A surprising shock of green occupies an empty lot nestled between two large buildings on a residential block of Hayes Valley. The Page and Laguna Mini Park, an oddity in a city that values every square inch of land, offers a quiet reprieve from the hustle and bustle of commuters.
The small park contains a community learning garden for the students of John Muir Elementary School, benches for anyone to enjoy, apple trees, and lush vibrant landscaping maintained by volunteers.
With other similar lots of land in the neighborhood being snatched up for housing, we were curious how and when this little park came to be.
The answer dates back to the 1970s. According to SF Parks Alliance, a Victorian home sat on the lot from 1910 to 1969. The city ended up purchasing the land and the house, which was in an advanced state of disrepair, was demolished. In its place, they built a mini park—a trend at the time (similar to today's hot parklet movement).

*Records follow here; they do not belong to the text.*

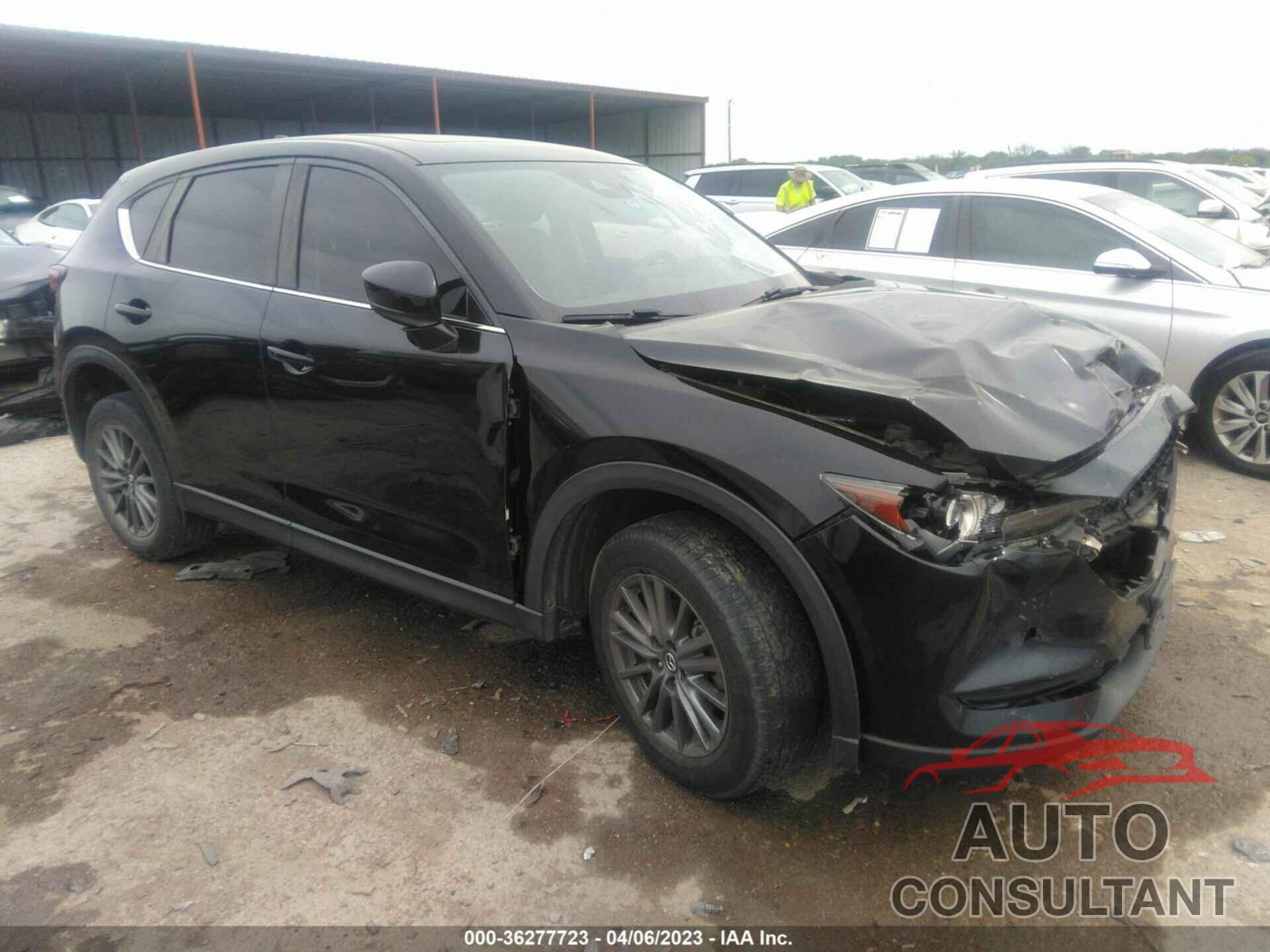 MAZDA CX-5 2017 - JM3KFACL7H0191535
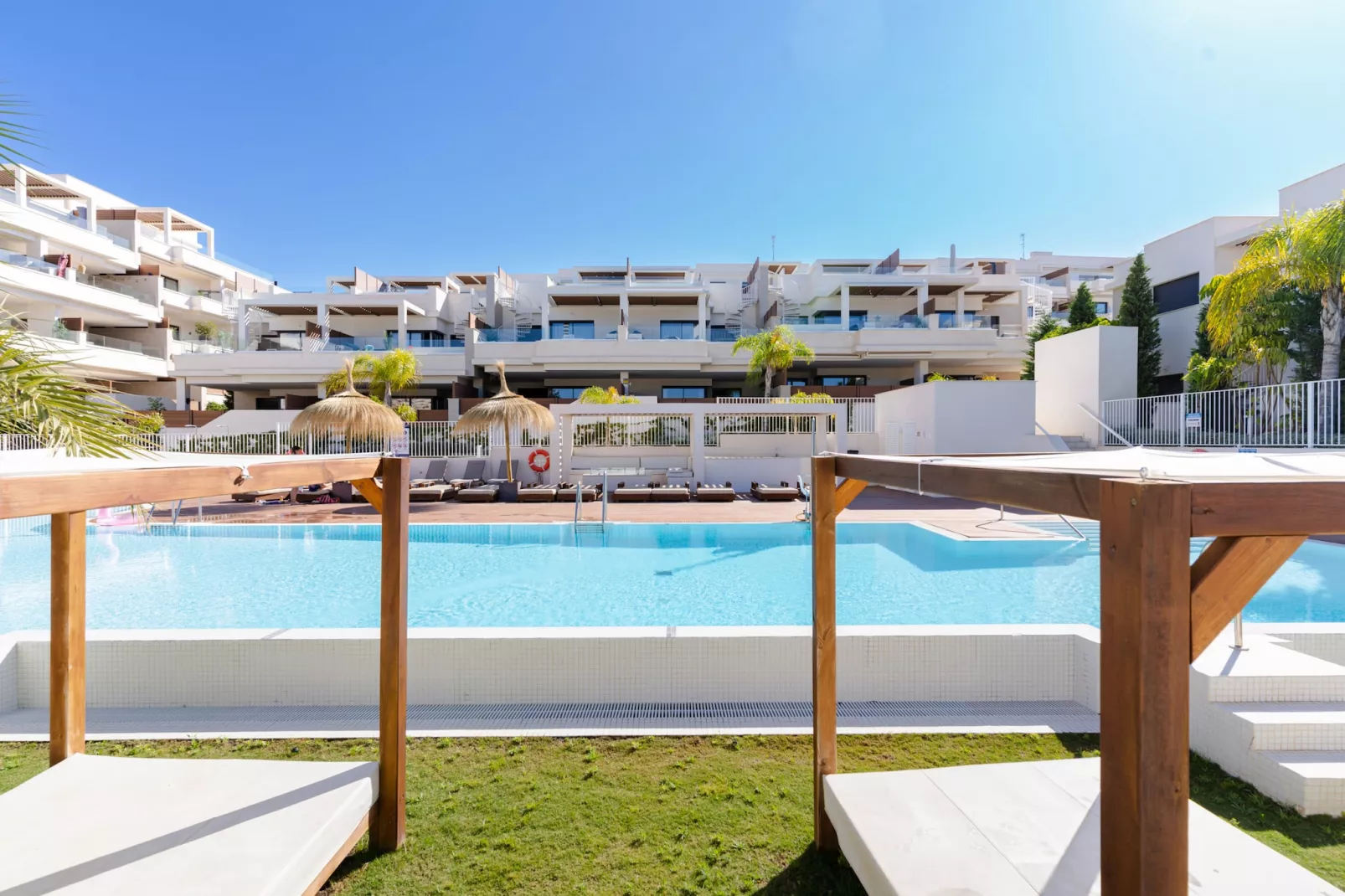 Jardinana - apartment with two bedrooms close to b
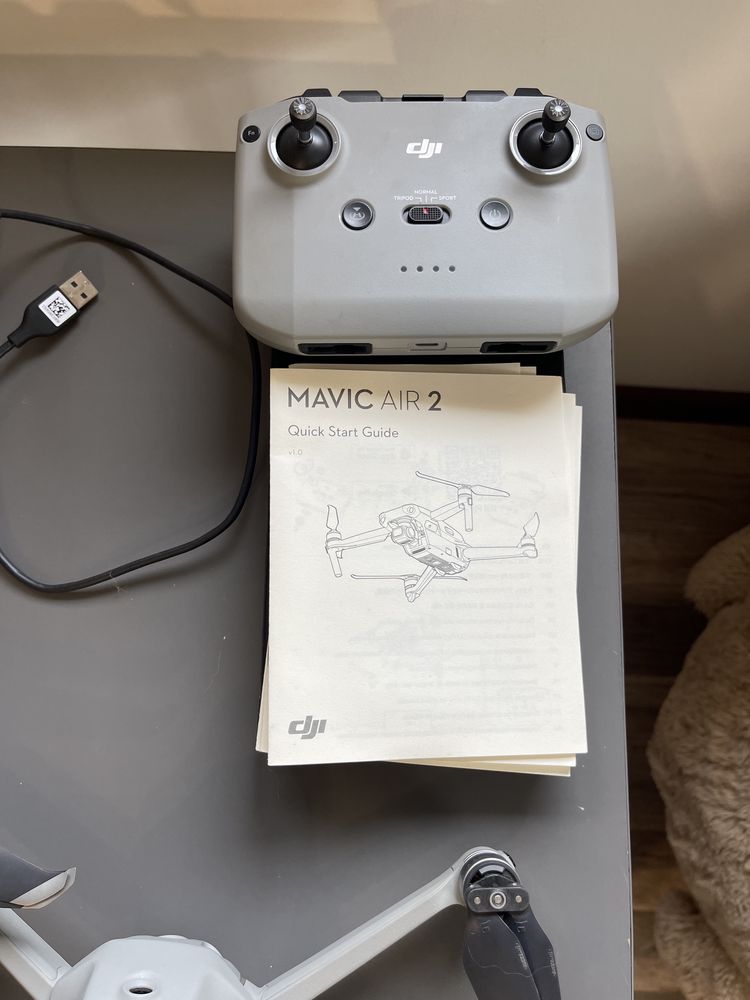 Drone Dji Mavic Air 2 fly more combo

The park was completed in 1972, complete with a picnic area, a few climbing structures for children, and three statues of mustang horses.
Despite its lofty beginnings, over the next two decades the park became a haven for drug use, homeless encampments and prostitution, which together pushed the facilities into disrepair. The park was renovated in the late 1990s thanks to the work of the Hayes Valley Neighborhood Parks Group, and has remained largely unchanged through today.
If mini parks are now your jam, check out some other ones throughout the city. The Seward Mini Park (home of the famous slides) is located on Seward near Douglass. Nob Hill is home to the Washington and Hyde Mini Park, and the Coleridge Mini Park is in Bernal. A full list of mini parks can be found on the Rec & Parks website.
Do you have anything you consider "secretly awesome" in your neighborhood? Send us a tip!
Never miss a story.
Subscribe today to get Hoodline delivered straight to your inbox.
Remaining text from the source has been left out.